Excerpts from a dataset:

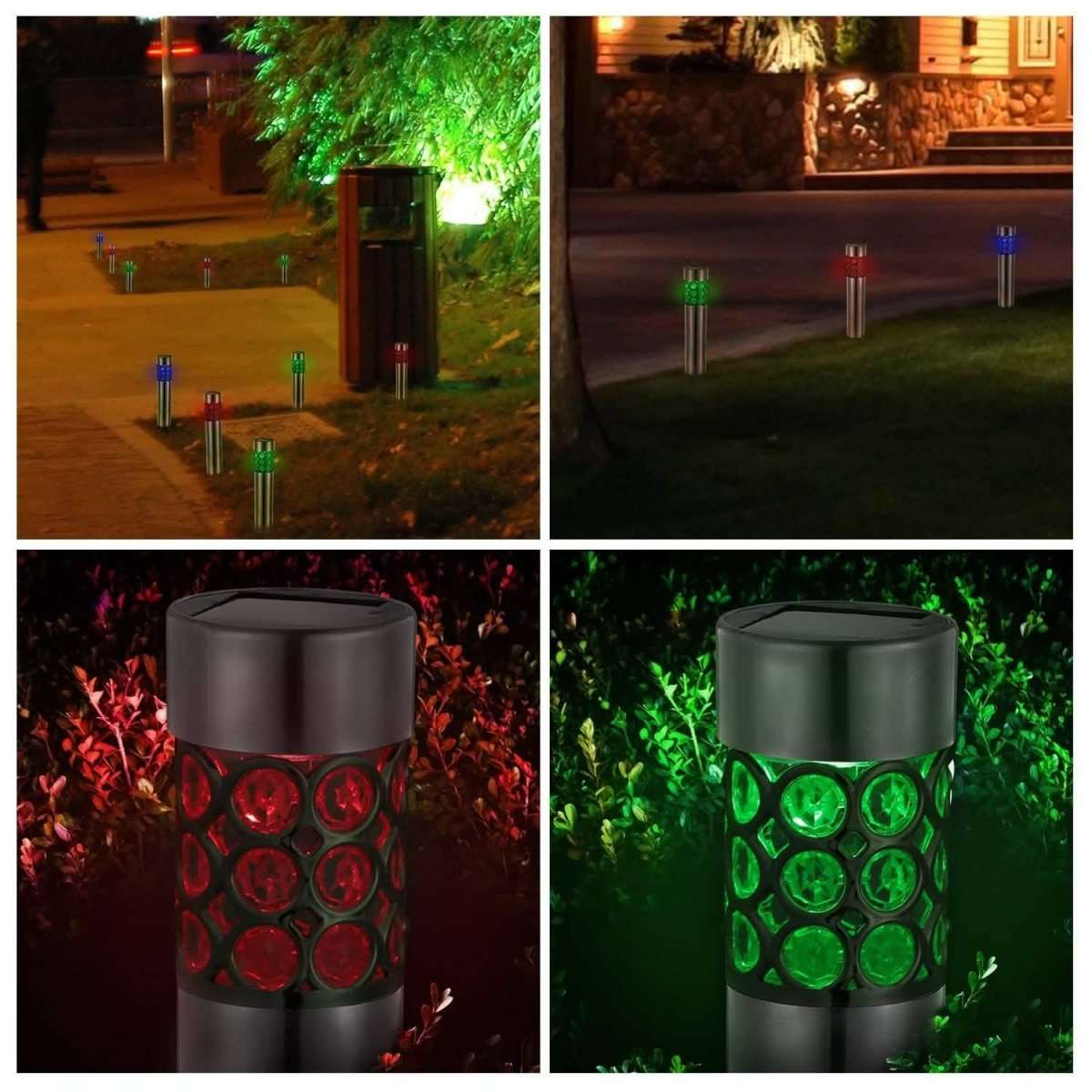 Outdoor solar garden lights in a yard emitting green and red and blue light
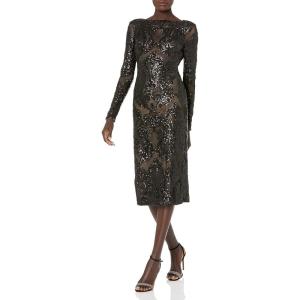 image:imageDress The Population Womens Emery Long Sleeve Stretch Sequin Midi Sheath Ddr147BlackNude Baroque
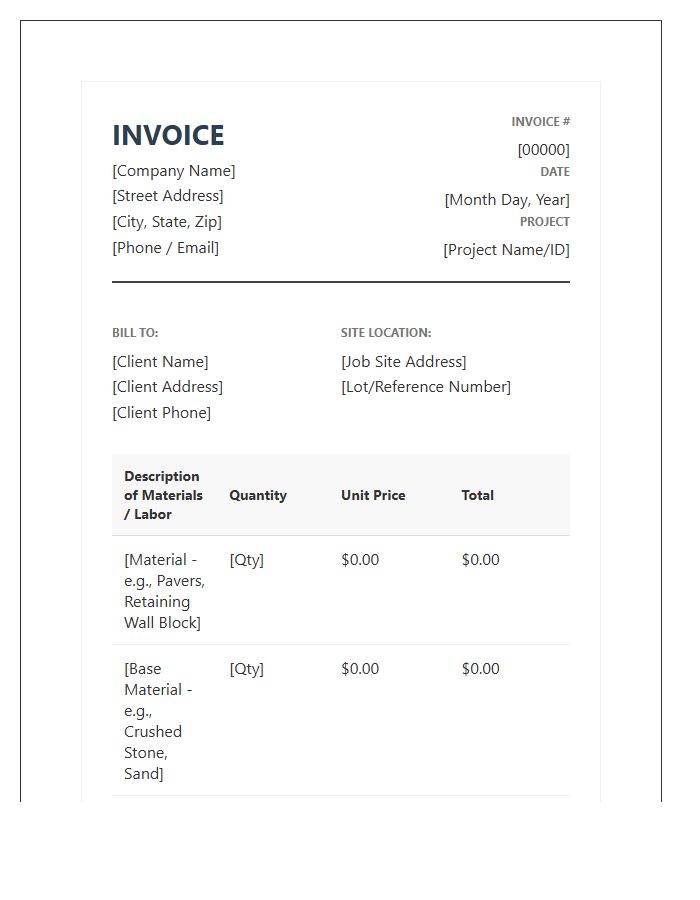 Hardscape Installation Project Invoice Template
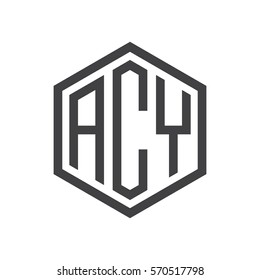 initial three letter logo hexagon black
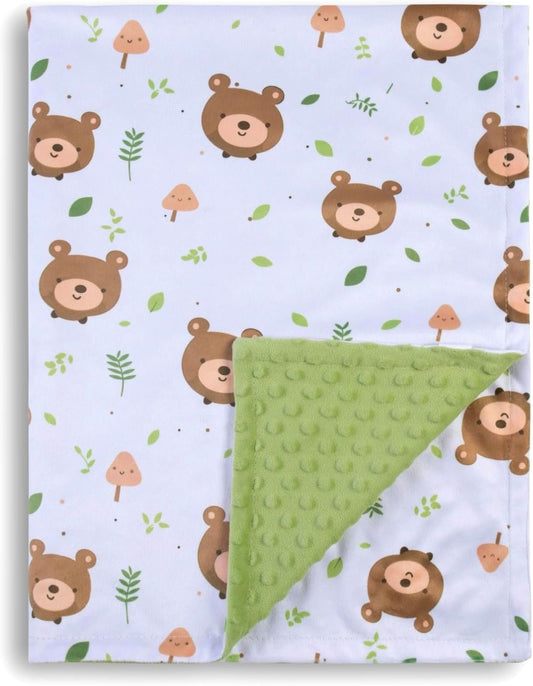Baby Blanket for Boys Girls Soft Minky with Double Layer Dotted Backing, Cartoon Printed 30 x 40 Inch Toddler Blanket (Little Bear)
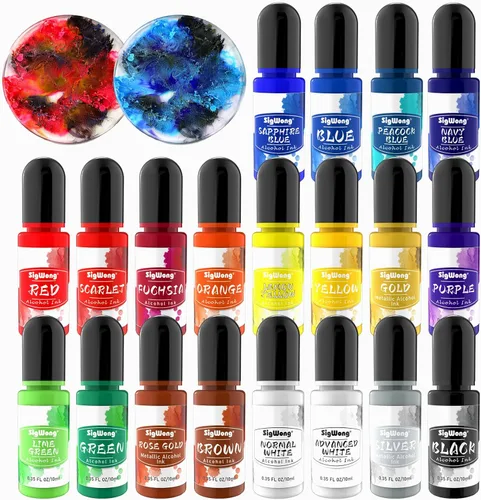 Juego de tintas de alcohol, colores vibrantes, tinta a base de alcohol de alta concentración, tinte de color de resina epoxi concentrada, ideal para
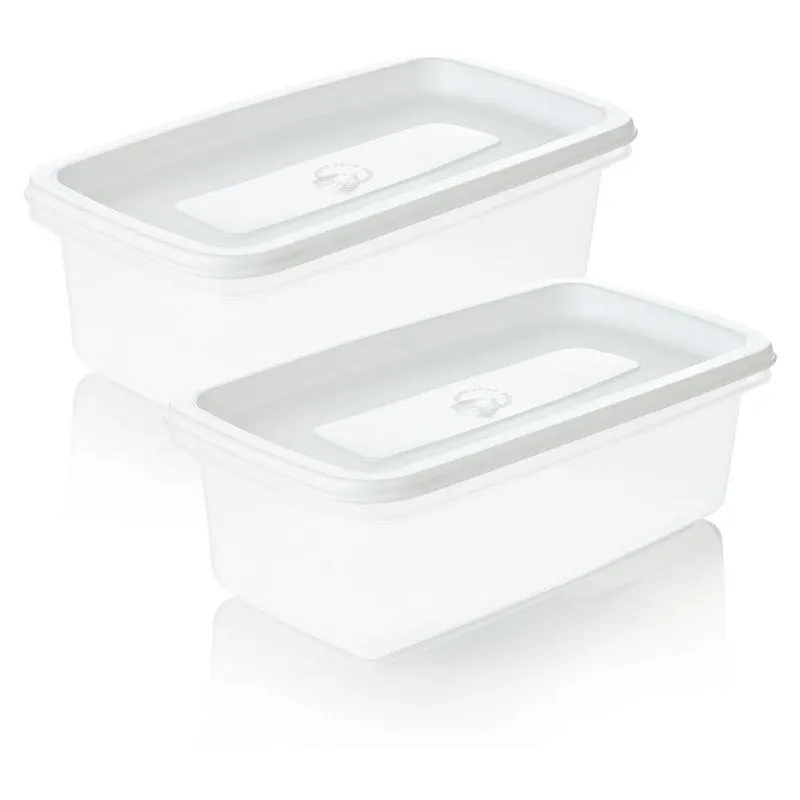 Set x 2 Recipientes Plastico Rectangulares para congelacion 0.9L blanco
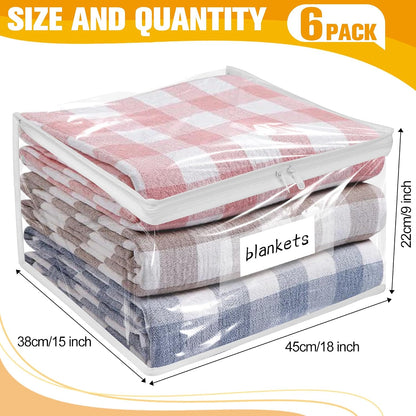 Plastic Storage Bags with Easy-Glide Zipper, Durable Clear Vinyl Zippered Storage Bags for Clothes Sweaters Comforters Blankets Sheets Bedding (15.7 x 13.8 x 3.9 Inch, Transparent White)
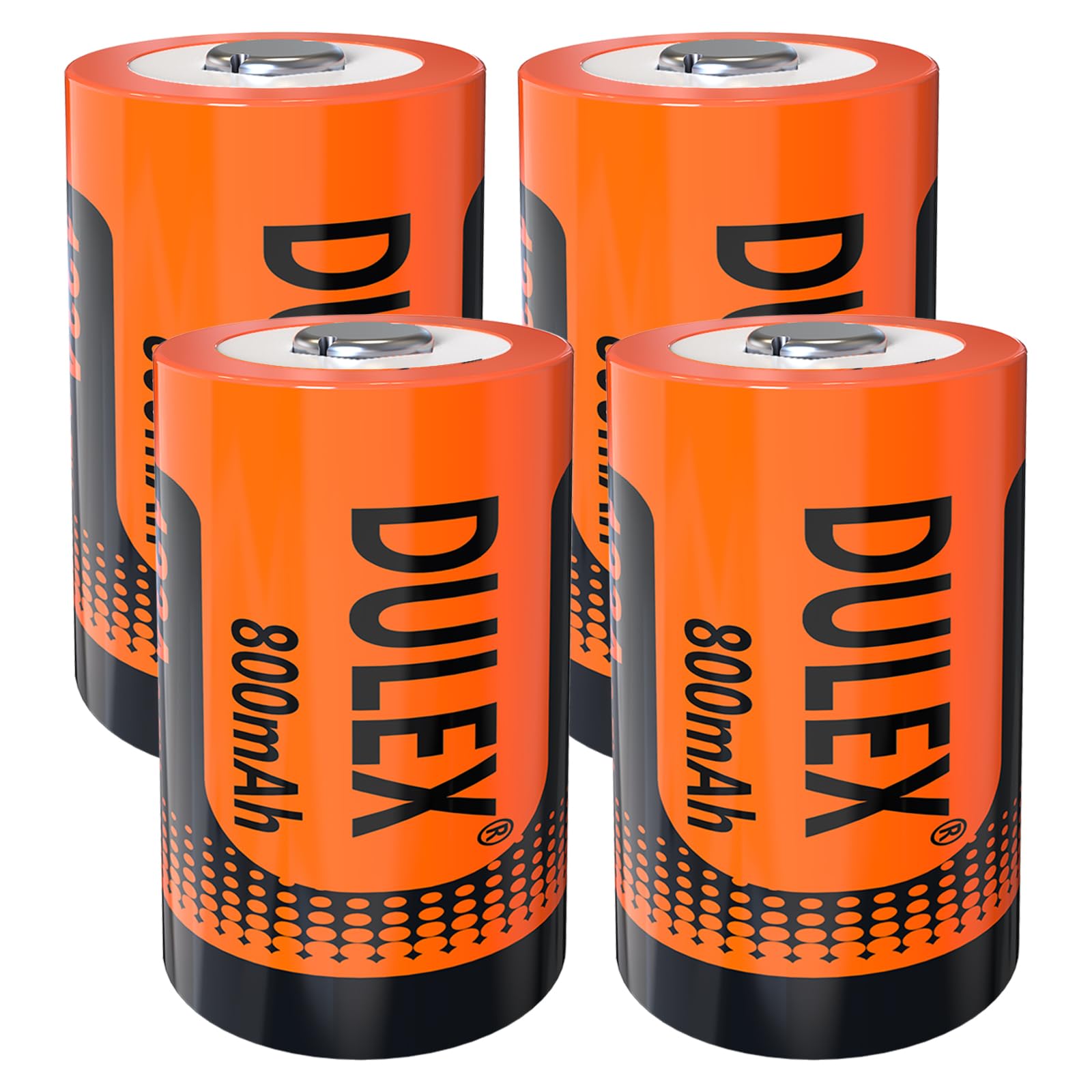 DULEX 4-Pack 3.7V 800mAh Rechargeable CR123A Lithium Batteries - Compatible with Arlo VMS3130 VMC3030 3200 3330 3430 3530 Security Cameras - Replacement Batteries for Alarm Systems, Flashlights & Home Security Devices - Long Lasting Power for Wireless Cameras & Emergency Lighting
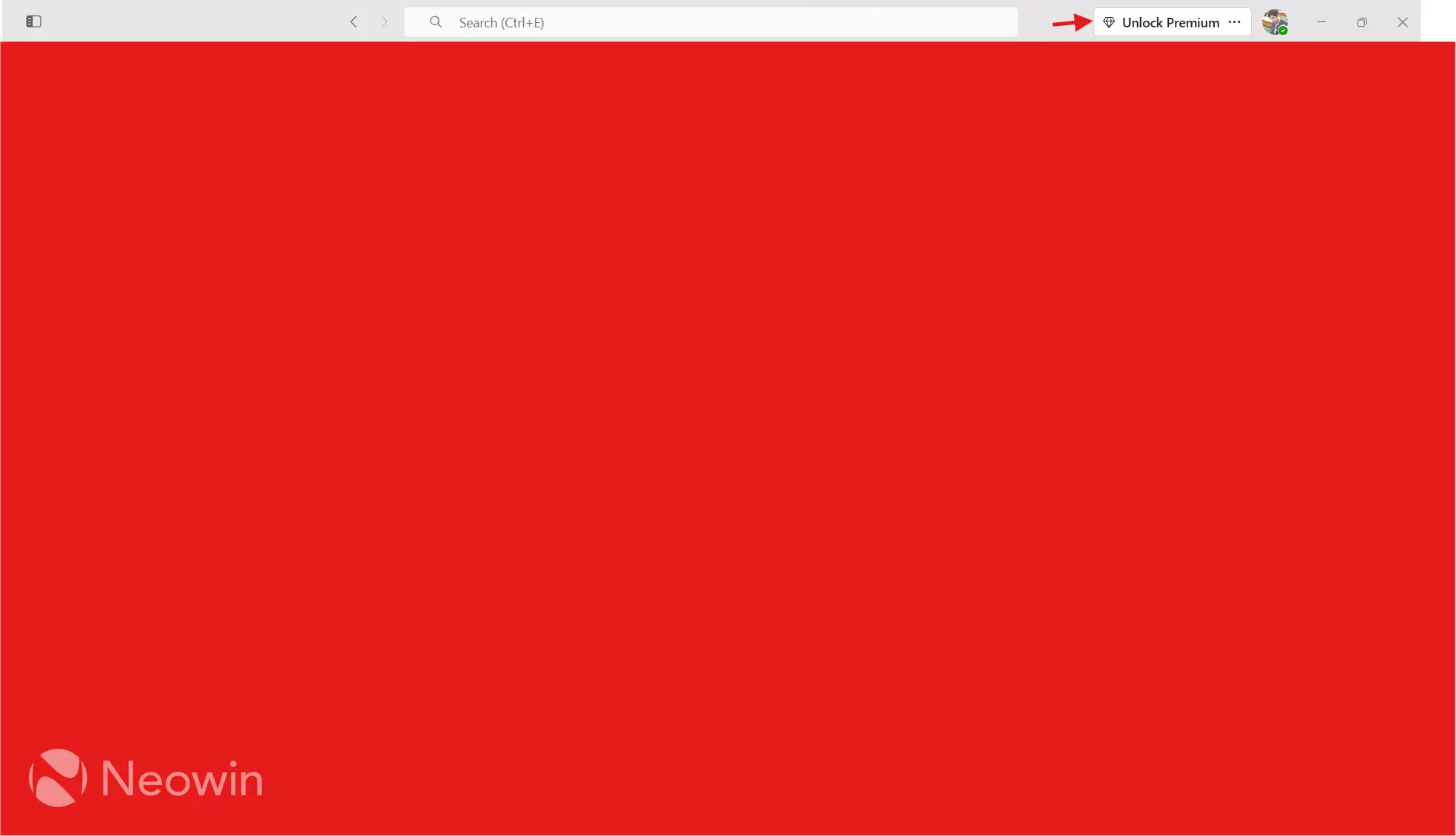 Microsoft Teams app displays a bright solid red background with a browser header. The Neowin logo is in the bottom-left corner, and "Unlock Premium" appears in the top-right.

Work to be completed: In the copy, include exactly the lines from the one containing "DULEX 4-Pack 3.7V" through the last line of the records, and no pictures or other text.

Written response:
 DULEX 4-Pack 3.7V 800mAh Rechargeable CR123A Lithium Batteries - Compatible with Arlo VMS3130 VMC3030 3200 3330 3430 3530 Security Cameras - Replacement Batteries for Alarm Systems, Flashlights & Home Security Devices - Long Lasting Power for Wireless Cameras & Emergency Lighting
 Microsoft Teams app displays a bright solid red background with a browser header. The Neowin logo is in the bottom-left corner, and "Unlock Premium" appears in the top-right.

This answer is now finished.